What to produce
In the records below, find the line containing "Clarks Collection Soft" and retype it and every line after it exactly, adding nothing.

═══ Source material ═══

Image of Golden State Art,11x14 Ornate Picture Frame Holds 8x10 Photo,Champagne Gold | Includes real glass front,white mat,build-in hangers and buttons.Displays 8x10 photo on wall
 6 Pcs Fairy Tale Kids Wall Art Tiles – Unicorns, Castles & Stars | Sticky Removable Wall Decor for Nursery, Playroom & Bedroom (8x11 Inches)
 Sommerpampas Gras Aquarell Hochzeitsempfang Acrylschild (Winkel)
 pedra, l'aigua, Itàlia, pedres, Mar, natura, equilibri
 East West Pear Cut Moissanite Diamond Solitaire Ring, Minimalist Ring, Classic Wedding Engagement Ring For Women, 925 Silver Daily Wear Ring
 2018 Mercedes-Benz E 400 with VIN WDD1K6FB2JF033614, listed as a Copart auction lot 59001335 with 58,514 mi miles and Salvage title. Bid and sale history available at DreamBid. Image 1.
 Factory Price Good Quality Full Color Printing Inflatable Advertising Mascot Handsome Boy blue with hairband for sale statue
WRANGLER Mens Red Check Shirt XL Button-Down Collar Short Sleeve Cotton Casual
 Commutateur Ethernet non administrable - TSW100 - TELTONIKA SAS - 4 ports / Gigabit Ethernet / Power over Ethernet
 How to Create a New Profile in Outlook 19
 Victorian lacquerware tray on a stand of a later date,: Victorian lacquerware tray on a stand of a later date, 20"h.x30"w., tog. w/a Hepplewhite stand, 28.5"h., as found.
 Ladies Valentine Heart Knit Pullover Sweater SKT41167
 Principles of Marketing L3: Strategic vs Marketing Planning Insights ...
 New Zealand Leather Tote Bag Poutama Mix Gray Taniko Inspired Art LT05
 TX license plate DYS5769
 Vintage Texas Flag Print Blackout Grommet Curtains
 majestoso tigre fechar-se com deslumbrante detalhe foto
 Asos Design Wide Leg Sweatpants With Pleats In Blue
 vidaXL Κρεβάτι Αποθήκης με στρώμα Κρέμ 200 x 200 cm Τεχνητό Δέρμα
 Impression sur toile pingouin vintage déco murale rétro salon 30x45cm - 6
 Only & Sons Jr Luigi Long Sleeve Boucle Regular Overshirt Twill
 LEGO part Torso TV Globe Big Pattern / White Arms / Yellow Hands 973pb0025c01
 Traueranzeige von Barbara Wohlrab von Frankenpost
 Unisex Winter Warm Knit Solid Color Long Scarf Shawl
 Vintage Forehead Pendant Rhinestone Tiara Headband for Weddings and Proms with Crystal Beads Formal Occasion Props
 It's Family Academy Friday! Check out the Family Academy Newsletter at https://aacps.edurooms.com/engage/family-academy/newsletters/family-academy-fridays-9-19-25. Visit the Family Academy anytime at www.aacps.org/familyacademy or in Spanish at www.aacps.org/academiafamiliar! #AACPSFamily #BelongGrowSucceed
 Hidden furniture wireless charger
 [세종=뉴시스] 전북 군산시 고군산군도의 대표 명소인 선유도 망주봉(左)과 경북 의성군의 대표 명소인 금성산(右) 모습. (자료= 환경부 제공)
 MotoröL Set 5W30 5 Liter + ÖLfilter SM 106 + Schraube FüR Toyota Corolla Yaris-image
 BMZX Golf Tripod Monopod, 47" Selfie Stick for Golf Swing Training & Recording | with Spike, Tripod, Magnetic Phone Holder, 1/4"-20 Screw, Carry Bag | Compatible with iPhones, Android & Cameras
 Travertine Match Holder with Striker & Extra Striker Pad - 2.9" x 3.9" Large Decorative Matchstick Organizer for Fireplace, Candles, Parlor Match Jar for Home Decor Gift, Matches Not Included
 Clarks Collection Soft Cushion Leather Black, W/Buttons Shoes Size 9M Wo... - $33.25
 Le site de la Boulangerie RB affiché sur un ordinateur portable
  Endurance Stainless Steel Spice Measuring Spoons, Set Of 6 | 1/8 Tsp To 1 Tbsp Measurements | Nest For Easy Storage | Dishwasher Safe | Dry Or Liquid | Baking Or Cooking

═══

Written response
 Clarks Collection Soft Cushion Leather Black, W/Buttons Shoes Size 9M Wo... - $33.25
 Le site de la Boulangerie RB affiché sur un ordinateur portable
  Endurance Stainless Steel Spice Measuring Spoons, Set Of 6 | 1/8 Tsp To 1 Tbsp Measurements | Nest For Easy Storage | Dishwasher Safe | Dry Or Liquid | Baking Or Cooking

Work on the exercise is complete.